My friend Chris recently linked to this blog post by a guy named Steve about the correlation between education and lifetime income. It’s a response to this New York Times column by a guy named Michael arguing that what America needs is uneducated entrepreneurs.
Steve’s first problem is that he’s using historical data rather than a forecast model. Michael is arguing that just because people who got degrees in the past make more money now is not a good predictor of how much people getting degrees in the future will make.
Steve’s second problem is that he missed Michael’s argument that education does not cause income but they are correlated because they have the common cause of ambition. To determine if education causes income we would need to control for ambition.
Finally, Michael has a larger point: it is better for the economy if more people are starting businesses, even if many of them fail. Education may lead to higher median income for individuals, but entrepreneurship should lead to a higher mean income for everyone.
Canada’s solution to encourage entrepreneurship is the social safety net: your life will not be that bad if you fail. America’s solution is greed: if you don’t take risks, you won’t be able to afford all that shit you’ve been tricked into wanting.

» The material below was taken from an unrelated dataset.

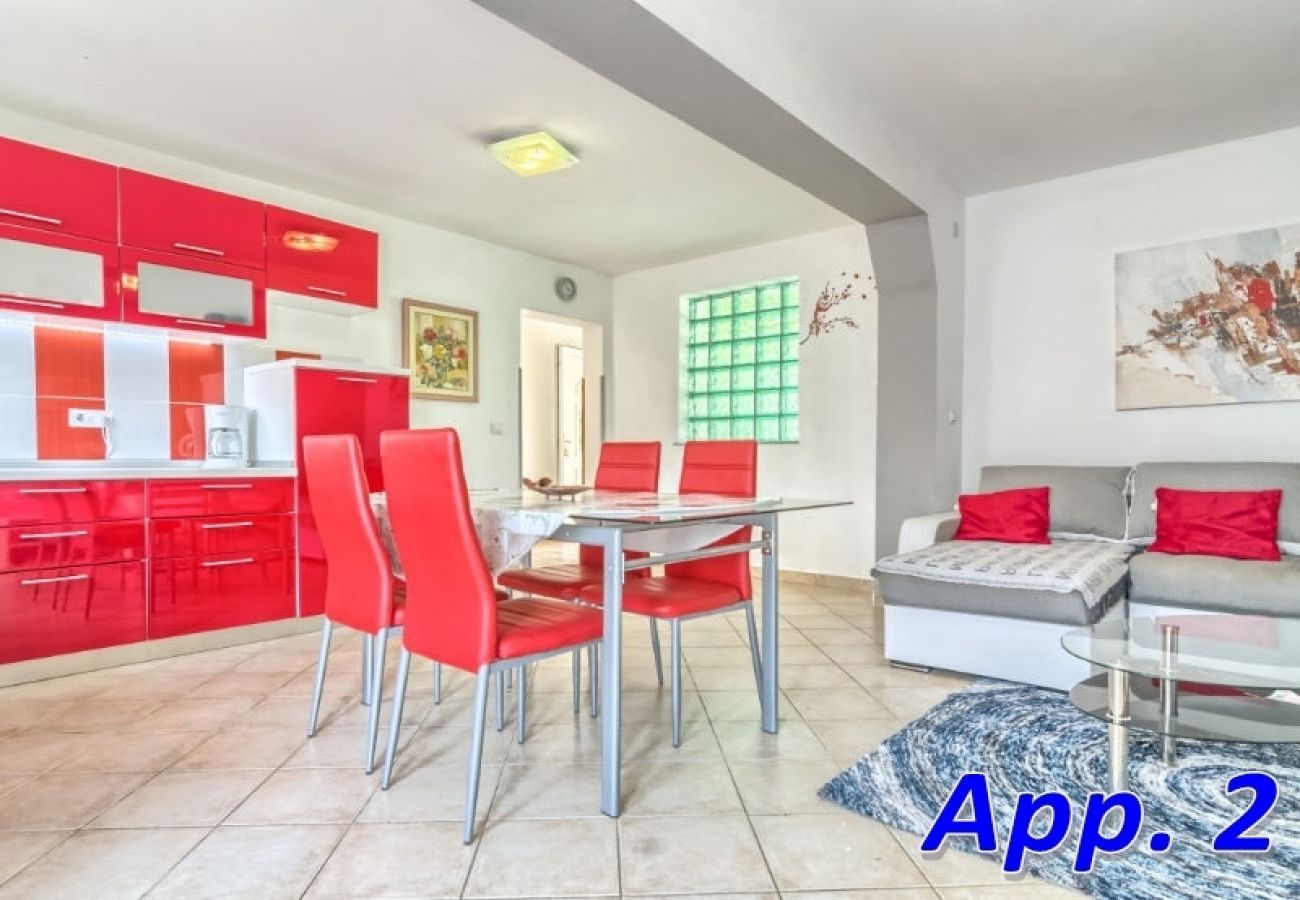 Appartement à Medulin - Appartement dans Medulin avec vue mer, terrasse, Climatisation, WIFI (4635-2)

I think it’s clear that a social safety net is not enough on its own. Since I’m not that interested in material possessions, I’ve never been inspired to be an entrepreneur – I don’t see what’s in it for me. To increase job creation, the governments of both countries have the challenge of maximizing the pay-off for success, minimizing the penalties for failure and keeping society smoothly functioning (which is why winner-takes-all is not a sustainable strategy).